How to complete this task —
Return, unchanged and with no pictures, the lines below from the very first through the one that contains "Rexwell Car Parts".

Data entries —
**********
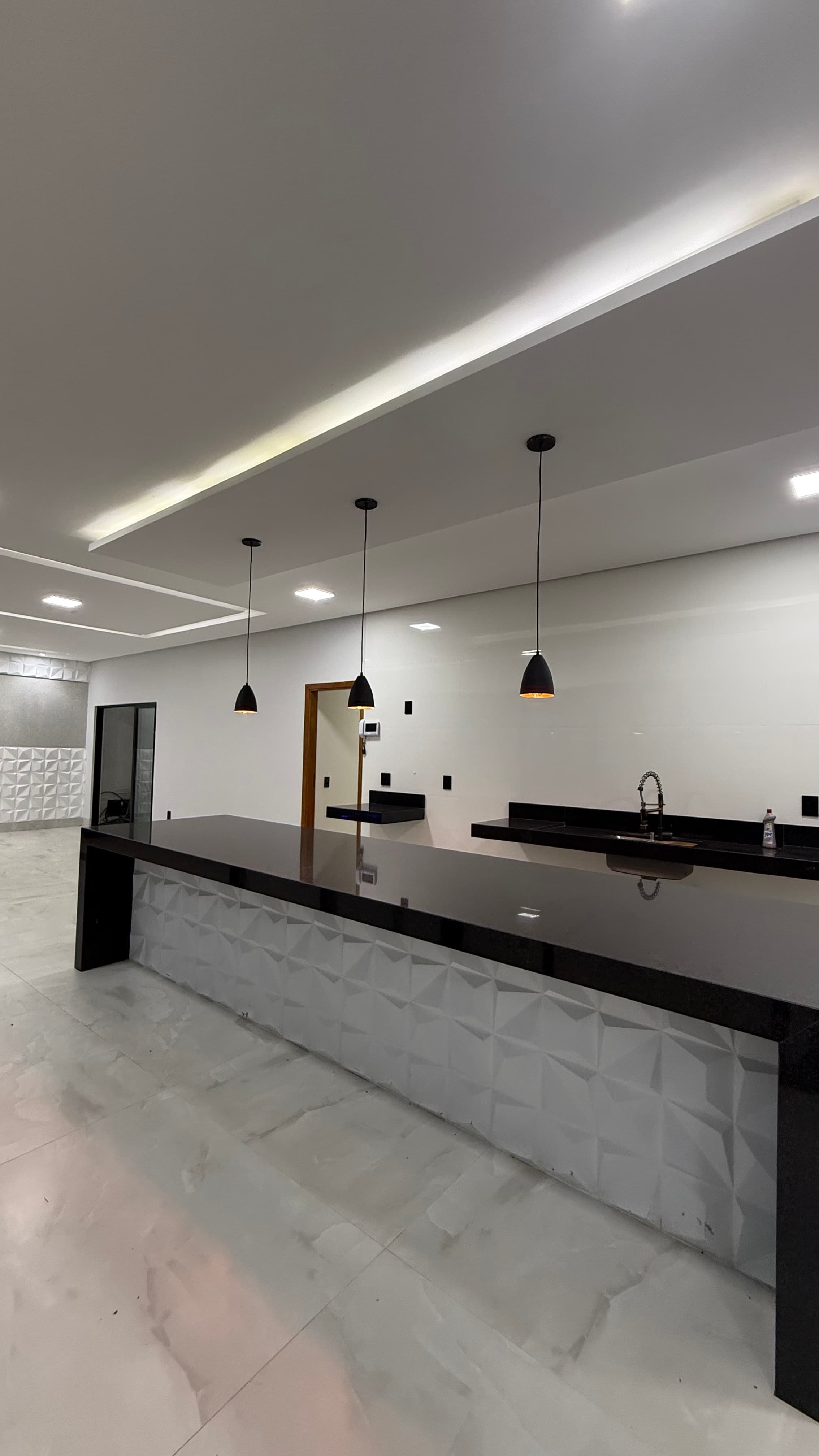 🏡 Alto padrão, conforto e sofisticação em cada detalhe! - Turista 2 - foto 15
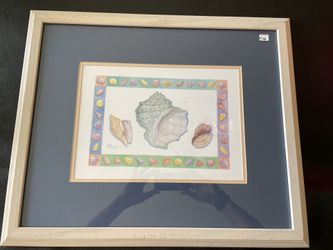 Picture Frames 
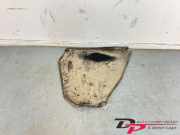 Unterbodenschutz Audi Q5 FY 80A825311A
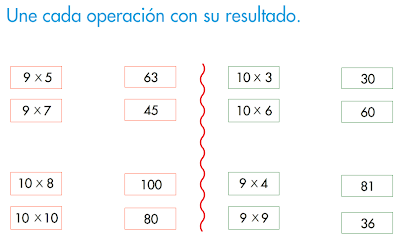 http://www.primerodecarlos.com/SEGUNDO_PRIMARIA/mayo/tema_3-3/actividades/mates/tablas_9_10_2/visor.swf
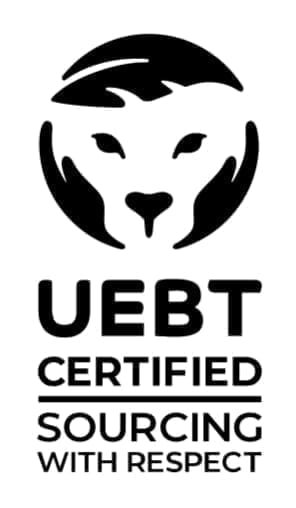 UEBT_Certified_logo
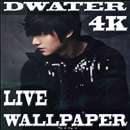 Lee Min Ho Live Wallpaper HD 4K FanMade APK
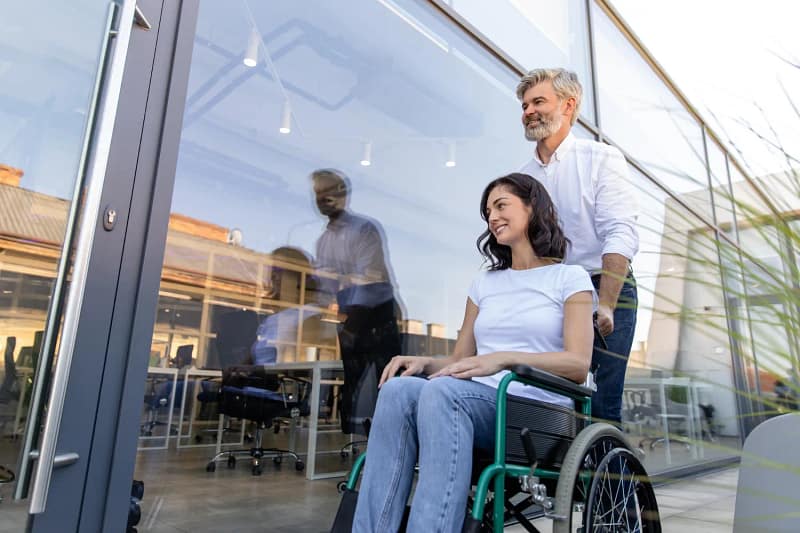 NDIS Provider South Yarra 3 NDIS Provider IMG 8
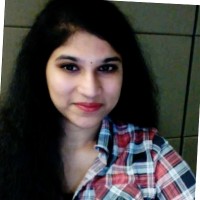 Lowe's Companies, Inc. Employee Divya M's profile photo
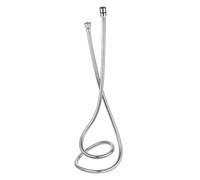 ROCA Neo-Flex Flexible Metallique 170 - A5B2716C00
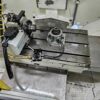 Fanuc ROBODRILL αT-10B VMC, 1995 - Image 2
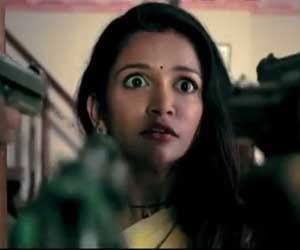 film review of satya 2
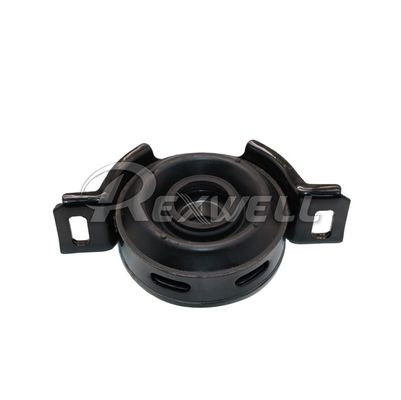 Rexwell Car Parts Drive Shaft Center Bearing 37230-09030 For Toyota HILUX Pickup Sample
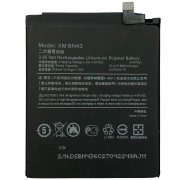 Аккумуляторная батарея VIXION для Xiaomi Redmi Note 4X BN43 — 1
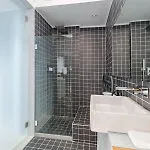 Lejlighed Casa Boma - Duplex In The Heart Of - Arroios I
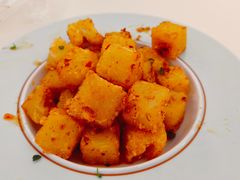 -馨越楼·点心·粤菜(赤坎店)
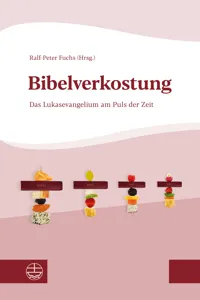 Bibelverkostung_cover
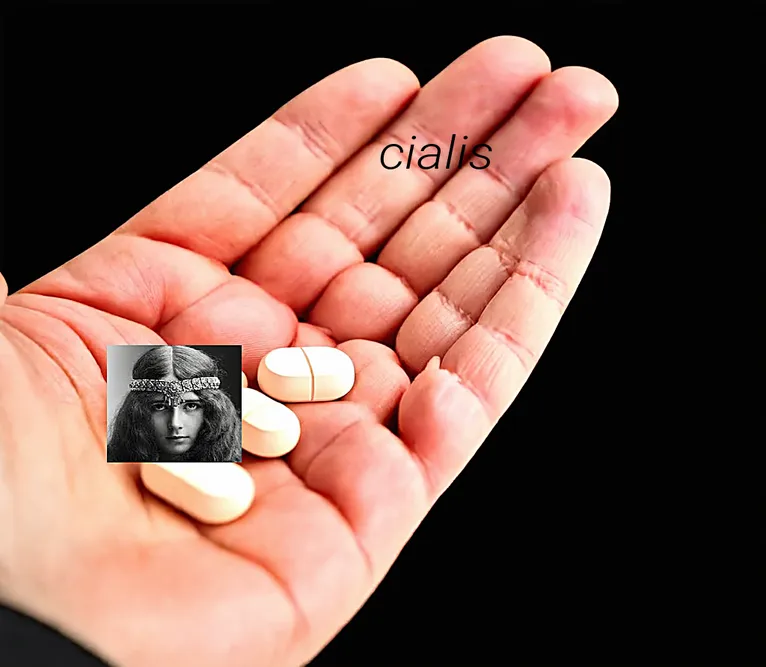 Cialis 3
**********
Response to the exercise —
 🏡 Alto padrão, conforto e sofisticação em cada detalhe! - Turista 2 - foto 15
 Picture Frames 
 Unterbodenschutz Audi Q5 FY 80A825311A
 http://www.primerodecarlos.com/SEGUNDO_PRIMARIA/mayo/tema_3-3/actividades/mates/tablas_9_10_2/visor.swf
 UEBT_Certified_logo
 Lee Min Ho Live Wallpaper HD 4K FanMade APK
 NDIS Provider South Yarra 3 NDIS Provider IMG 8
 Lowe's Companies, Inc. Employee Divya M's profile photo
 ROCA Neo-Flex Flexible Metallique 170 - A5B2716C00
 Fanuc ROBODRILL αT-10B VMC, 1995 - Image 2
 film review of satya 2
 Rexwell Car Parts Drive Shaft Center Bearing 37230-09030 For Toyota HILUX Pickup Sample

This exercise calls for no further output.